Genomic sequence of Spodoptera frugiperda Ascovirus 1a, an enveloped, double-stranded DNA insect virus that manipulates apoptosis for viral reproduction.

Ascoviruses (family Ascoviridae) are double-stranded DNA viruses with circular genomes that attack lepidopterans, where they produce large, enveloped virions, 150 by 400 nm, and cause a chronic, fatal disease with a cytopathology resembling that of apoptosis. After infection, host cell DNA is degraded, the nucleus fragments, and the cell then cleaves into large virion-containing vesicles. These vesicles and virions circulate in the hemolymph, where they are acquired by parasitic wasps during oviposition and subsequently transmitted to new hosts. To develop a better understanding of ascovirus biology, we sequenced the genome of the type species Spodoptera frugiperda ascovirus 1a (SfAV-1a).
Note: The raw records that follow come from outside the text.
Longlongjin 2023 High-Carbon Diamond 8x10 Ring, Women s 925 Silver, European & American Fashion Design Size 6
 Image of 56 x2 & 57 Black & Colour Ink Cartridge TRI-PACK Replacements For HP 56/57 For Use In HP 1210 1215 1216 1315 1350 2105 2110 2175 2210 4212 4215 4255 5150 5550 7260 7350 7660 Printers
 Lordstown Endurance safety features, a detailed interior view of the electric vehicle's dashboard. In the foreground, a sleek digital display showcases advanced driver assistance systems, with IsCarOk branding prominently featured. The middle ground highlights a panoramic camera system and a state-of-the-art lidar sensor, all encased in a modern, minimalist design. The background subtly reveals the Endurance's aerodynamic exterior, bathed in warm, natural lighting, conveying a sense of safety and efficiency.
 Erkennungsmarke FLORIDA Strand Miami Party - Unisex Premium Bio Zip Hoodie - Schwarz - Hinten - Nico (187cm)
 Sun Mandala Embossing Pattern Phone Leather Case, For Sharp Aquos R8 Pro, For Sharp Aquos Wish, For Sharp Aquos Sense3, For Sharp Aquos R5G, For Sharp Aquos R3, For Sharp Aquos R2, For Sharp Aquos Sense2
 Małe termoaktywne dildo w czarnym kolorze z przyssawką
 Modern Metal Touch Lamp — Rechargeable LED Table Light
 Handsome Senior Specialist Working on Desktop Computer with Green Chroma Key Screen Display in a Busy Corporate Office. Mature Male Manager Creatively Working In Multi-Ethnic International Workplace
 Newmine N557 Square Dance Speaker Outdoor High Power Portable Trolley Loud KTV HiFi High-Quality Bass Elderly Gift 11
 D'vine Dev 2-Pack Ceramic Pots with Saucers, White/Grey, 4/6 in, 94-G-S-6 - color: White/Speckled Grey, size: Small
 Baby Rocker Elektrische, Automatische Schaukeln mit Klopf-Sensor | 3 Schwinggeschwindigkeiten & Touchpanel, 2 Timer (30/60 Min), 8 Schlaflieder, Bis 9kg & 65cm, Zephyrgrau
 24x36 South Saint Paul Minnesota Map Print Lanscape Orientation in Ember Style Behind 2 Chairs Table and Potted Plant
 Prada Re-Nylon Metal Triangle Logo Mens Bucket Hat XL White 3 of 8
The genome consisted of 156,922 bp, with a G+C ratio of 49.2%, and contained 123 putative open reading frames coding for a variety of enzymes and virion structural proteins, of which tentative functions were assigned to 44. Among the most interesting enzymes, due to their potential role in apoptosis and viral vesicle formation, were a caspase, a cathepsin B, several kinases, E3 ubiquitin ligases, and especially several enzymes involved in lipid metabolism, including a fatty acid elongase, a sphingomyelinase, a phosphate acyltransferase, and a patatin-like phospholipase. Comparison of SfAV-1a proteins with those of other viruses showed that 10% were orthologs of Chilo iridescent virus proteins, the highest correspondence with any virus, providing further evidence that ascoviruses evolved from a lepidopteran iridovirus. The SfAV-1a genome sequence will facilitate the determination of how ascoviruses manipulate apoptosis to generate the novel virion-containing vesicles characteristic of these viruses and enable study of their origin and evolution.

A viral caspase contributes to modified apoptosis for virus transmission.

The Spodoptera frugiperda ascovirus, a DNA virus that attacks lepidopterans, codes for an executioner caspase synthesized by 9 h after infection of Sf21 cells. This caspase alone induces apoptosis in insect cells and, during viral replication in vivo, contributes to a novel cell cleavage process in which developing apoptotic bodies are rescued by the virus and differentiate to form large vesicles in which virions assemble. These viral vesicles disseminate to the blood, where they are acquired during egg-laying by parasitic wasps that transmit the virus. No other viruses encode caspases or form such modified apoptotic bodies, suggesting this caspase plays a direct role in cell partitioning that facilitates viral reproduction and transmission.